*Problem requirements*: Please repeat, from the entries that follow, the lines from the one containing "The image shows" through the one containing "A modern kitchen area" exactly, adding nothing.

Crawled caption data
————
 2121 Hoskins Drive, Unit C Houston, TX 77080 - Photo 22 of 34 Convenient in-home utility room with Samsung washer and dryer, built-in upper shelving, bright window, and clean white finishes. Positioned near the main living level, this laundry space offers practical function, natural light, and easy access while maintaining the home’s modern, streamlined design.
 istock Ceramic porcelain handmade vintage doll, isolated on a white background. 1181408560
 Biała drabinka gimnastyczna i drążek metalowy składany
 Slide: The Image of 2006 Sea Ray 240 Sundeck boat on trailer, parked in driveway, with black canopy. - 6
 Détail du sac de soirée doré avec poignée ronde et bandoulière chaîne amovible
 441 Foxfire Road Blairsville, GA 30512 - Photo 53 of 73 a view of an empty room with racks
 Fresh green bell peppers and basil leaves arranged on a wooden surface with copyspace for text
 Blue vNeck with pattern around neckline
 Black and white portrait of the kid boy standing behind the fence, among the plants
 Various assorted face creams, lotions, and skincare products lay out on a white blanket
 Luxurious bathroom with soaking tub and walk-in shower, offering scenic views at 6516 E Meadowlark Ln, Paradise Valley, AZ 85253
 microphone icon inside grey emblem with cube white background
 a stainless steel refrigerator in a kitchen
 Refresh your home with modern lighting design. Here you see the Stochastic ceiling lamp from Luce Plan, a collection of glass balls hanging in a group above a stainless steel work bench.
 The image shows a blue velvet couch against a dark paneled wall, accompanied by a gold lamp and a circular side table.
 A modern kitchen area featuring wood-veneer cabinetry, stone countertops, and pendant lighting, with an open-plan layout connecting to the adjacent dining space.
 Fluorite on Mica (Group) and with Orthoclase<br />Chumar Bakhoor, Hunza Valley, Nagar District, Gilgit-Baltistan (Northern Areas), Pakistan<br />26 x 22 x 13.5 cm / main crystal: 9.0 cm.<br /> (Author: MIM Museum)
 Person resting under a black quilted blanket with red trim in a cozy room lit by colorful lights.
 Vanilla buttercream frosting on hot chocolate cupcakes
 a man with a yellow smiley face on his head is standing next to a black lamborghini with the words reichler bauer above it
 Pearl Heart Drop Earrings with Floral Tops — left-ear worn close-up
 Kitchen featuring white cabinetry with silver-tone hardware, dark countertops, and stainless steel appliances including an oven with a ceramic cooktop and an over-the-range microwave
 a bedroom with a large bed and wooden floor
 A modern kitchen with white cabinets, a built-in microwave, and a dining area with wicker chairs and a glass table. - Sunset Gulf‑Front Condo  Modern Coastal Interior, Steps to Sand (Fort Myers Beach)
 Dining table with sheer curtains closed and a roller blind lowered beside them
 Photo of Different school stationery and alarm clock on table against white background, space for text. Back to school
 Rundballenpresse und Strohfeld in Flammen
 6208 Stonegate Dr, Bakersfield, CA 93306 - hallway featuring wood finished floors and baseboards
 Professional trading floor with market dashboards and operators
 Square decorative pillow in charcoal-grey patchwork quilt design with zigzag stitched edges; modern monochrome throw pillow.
————
*Answer below*:
 The image shows a blue velvet couch against a dark paneled wall, accompanied by a gold lamp and a circular side table.
 A modern kitchen area featuring wood-veneer cabinetry, stone countertops, and pendant lighting, with an open-plan layout connecting to the adjacent dining space.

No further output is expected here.